* _Work to complete_: Return the lines exactly as they stand, from the first of the material through the line containing "Property at 28".

* _Source records_:
§
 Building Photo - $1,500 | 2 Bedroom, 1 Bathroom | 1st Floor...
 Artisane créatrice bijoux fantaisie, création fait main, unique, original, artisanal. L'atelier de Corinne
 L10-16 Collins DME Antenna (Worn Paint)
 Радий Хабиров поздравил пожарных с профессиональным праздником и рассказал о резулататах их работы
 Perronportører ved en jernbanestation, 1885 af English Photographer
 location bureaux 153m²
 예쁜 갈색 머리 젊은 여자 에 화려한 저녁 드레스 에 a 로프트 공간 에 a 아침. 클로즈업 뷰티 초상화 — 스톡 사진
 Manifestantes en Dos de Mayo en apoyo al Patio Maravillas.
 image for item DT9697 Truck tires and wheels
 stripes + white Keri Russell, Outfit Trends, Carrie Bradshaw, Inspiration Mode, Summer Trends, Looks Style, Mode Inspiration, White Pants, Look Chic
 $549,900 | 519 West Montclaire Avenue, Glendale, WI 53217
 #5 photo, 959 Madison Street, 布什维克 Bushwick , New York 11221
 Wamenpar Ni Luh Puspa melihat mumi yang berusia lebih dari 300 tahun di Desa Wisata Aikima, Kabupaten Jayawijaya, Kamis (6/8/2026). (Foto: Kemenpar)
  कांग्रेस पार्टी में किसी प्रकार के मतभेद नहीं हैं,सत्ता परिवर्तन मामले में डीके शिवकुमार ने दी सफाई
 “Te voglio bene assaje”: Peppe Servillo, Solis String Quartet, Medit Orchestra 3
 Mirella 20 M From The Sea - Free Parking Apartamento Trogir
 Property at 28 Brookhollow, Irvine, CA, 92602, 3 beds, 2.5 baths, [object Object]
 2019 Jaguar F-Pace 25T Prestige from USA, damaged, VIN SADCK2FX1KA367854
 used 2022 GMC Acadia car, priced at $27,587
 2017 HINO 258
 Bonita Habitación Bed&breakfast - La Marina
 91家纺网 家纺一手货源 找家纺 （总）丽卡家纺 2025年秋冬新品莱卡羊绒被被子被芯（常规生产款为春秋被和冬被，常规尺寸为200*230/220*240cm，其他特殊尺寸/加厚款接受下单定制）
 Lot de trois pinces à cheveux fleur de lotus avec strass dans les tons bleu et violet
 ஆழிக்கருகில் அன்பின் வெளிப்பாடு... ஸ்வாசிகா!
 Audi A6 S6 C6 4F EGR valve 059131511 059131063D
§
* _Task output_:
 Building Photo - $1,500 | 2 Bedroom, 1 Bathroom | 1st Floor...
 Artisane créatrice bijoux fantaisie, création fait main, unique, original, artisanal. L'atelier de Corinne
 L10-16 Collins DME Antenna (Worn Paint)
 Радий Хабиров поздравил пожарных с профессиональным праздником и рассказал о резулататах их работы
 Perronportører ved en jernbanestation, 1885 af English Photographer
 location bureaux 153m²
 예쁜 갈색 머리 젊은 여자 에 화려한 저녁 드레스 에 a 로프트 공간 에 a 아침. 클로즈업 뷰티 초상화 — 스톡 사진
 Manifestantes en Dos de Mayo en apoyo al Patio Maravillas.
 image for item DT9697 Truck tires and wheels
 stripes + white Keri Russell, Outfit Trends, Carrie Bradshaw, Inspiration Mode, Summer Trends, Looks Style, Mode Inspiration, White Pants, Look Chic
 $549,900 | 519 West Montclaire Avenue, Glendale, WI 53217
 #5 photo, 959 Madison Street, 布什维克 Bushwick , New York 11221
 Wamenpar Ni Luh Puspa melihat mumi yang berusia lebih dari 300 tahun di Desa Wisata Aikima, Kabupaten Jayawijaya, Kamis (6/8/2026). (Foto: Kemenpar)
  कांग्रेस पार्टी में किसी प्रकार के मतभेद नहीं हैं,सत्ता परिवर्तन मामले में डीके शिवकुमार ने दी सफाई
 “Te voglio bene assaje”: Peppe Servillo, Solis String Quartet, Medit Orchestra 3
 Mirella 20 M From The Sea - Free Parking Apartamento Trogir
 Property at 28 Brookhollow, Irvine, CA, 92602, 3 beds, 2.5 baths, [object Object]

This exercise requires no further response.